Unsurprisingly, governments worldwide are pushing for greater production of Blue and Green hydrogen. The British government is no exception, highlighting the role of this technology in its Green Industrial Revolution plan. That certainly sounds like an enticing reason to consider investing in hydrogen stocks and shares. However, there are some caveats to be aware of.
The Risks And Challenges Faced By Hydrogen Shares
Enthusiasm around hydrogen solutions for a low-carbon economy has increased. But this hype does not mean the industry isn’t prone to challenges and risks. In fact, there are countless companies operating within this space, barely able to scrape into profitability, let alone survive.
So, let’s go over the main hurdles these groups have to overcome.
- Fire & Explosion Hazards – Explosions are the top and foremost risks associated with handling hydrogen. When mixed with air and heat, the gas can easily ignite, triggering a potentially catastrophic explosion. And what further adds to the risk is that hydrogen is both colourless and odourless. As a result, leak detection becomes very difficult. Hence, proper handling of hydrogen gas is critical.

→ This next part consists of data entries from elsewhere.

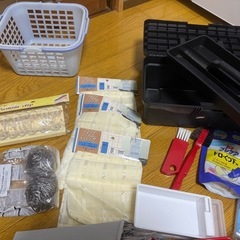 キッチン棚購入者にほしいの全て差し上げますの画像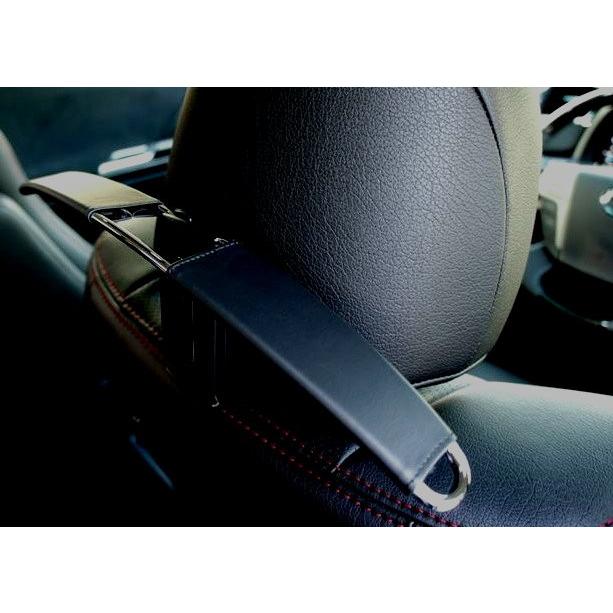 トヨタ（TOYOTA） レクサス純正 室内ハンガー (本革タイプ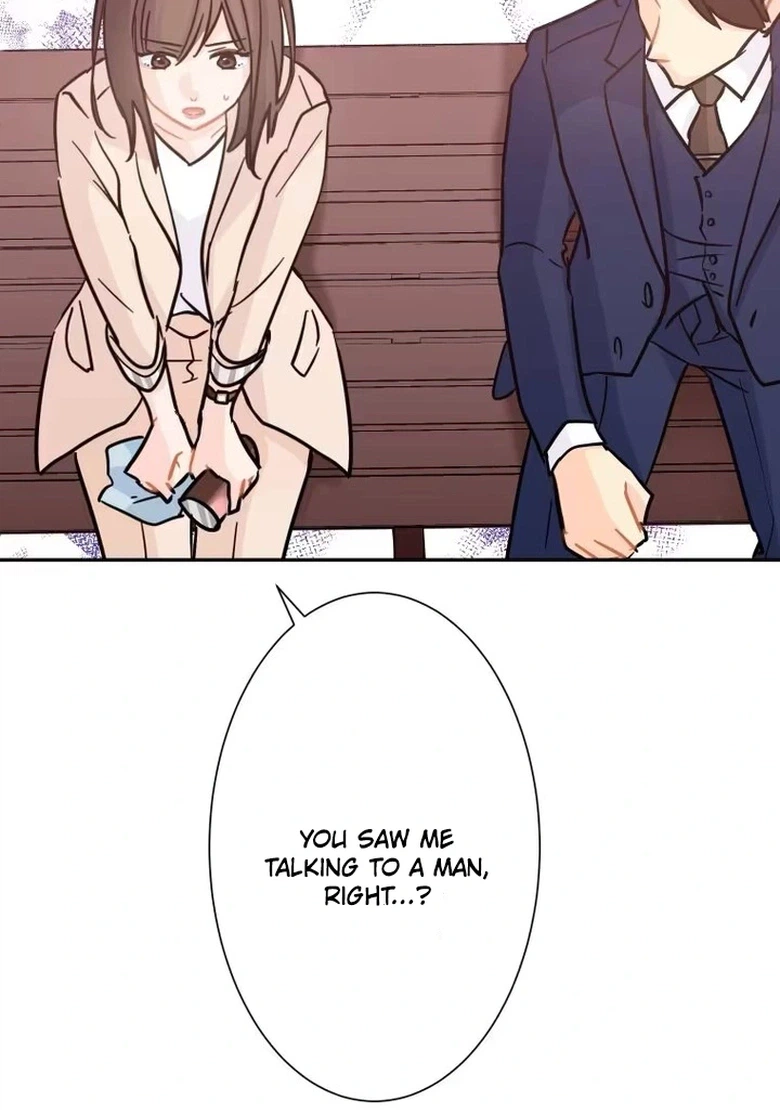 My Fated Partner Turned Out to Be My Boss Chapter 9 Page 38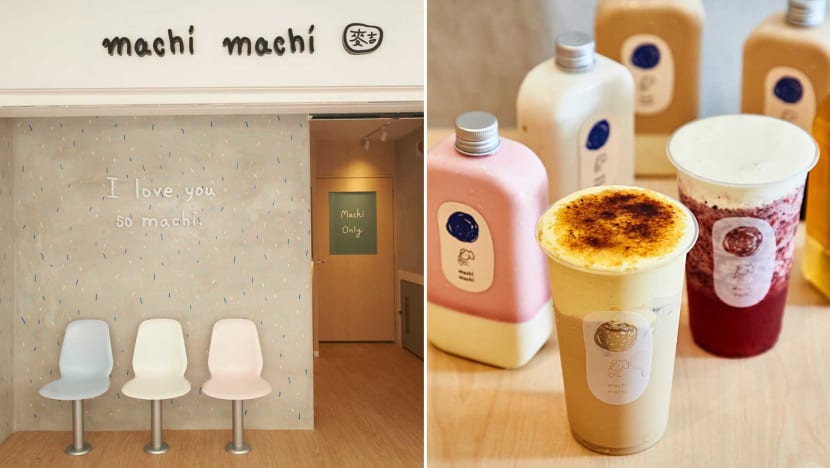 Sneak Peek At Jay Chou’s Fave BBT Shop Machi Machi’s First S’pore Outlet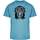Abbigliamento Uomo T-shirt maniche corte Censured TMC214TJSEY Blu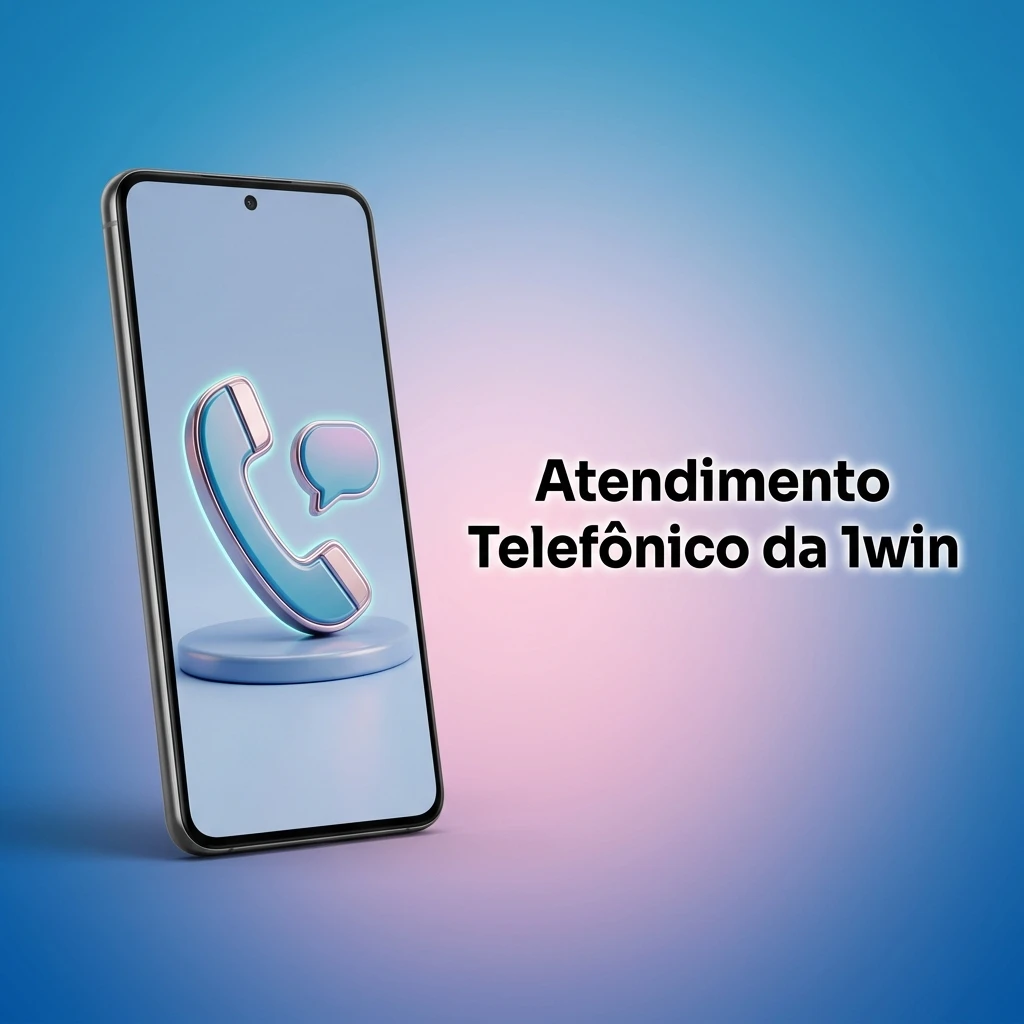 Atendimento telefônico 1win: suporte direto em tempo real para resolver problemas de conta, saques e segurança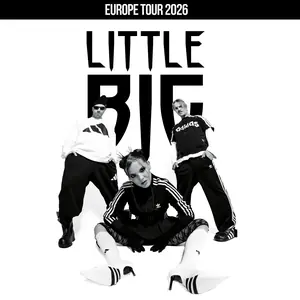 Little Big — Barba Negra, Budapest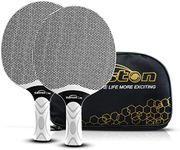 Senston Table Tennis Rackets Set, P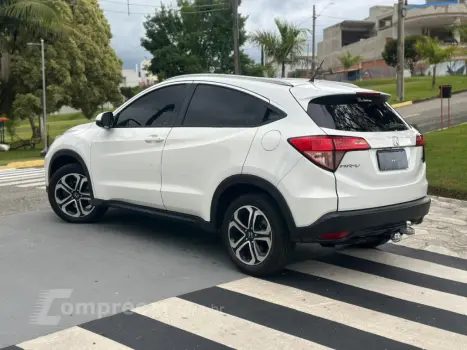 HR-V 1.8 16V FLEX EX 4P AUTOMÁTICO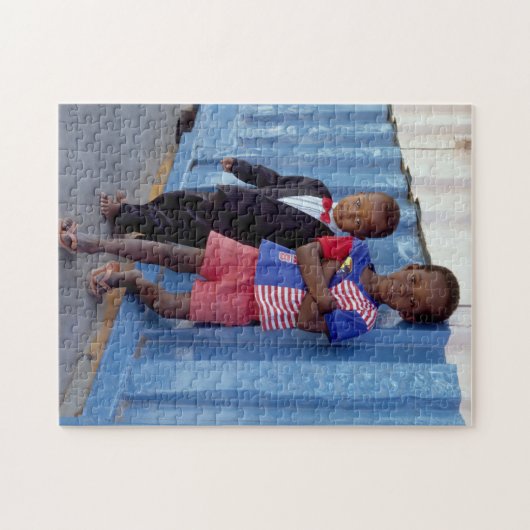 殺す服装 ジグソーパズル (横)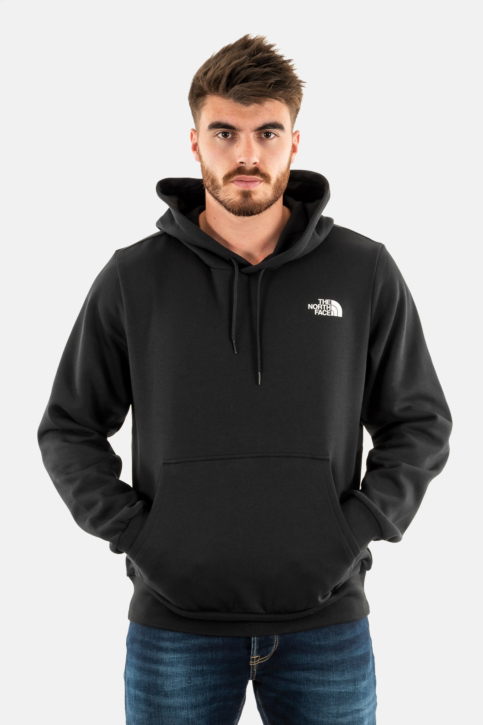 Sweat the north face simple dome jk31 tnf black main product photo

Plus, in case of an emergency, appropriate fire safety equipment is required.
- Material Embrittlement – Diffusion of hydrogen gas makes high-yield steels and metals brittle. This affects all the pipes, containers, and machinery components used to produce, transport, and handle the substance. A common problem that arises is hydrogen-assisted cracking (HAC). Consequently, hydrogen producers continuously have to inspect, repair, and replace components within their facilities.
- Logistical Nightmare – Transporting hydrogen safely involves high-tech equipment to contain the energy. Unsurprisingly this makes the process of delivering the gas from one location to another complicated and expensive. And if any corners are cut, it could result in a tragic accident that would undoubtedly lead to severe reputational and legal damage to the business.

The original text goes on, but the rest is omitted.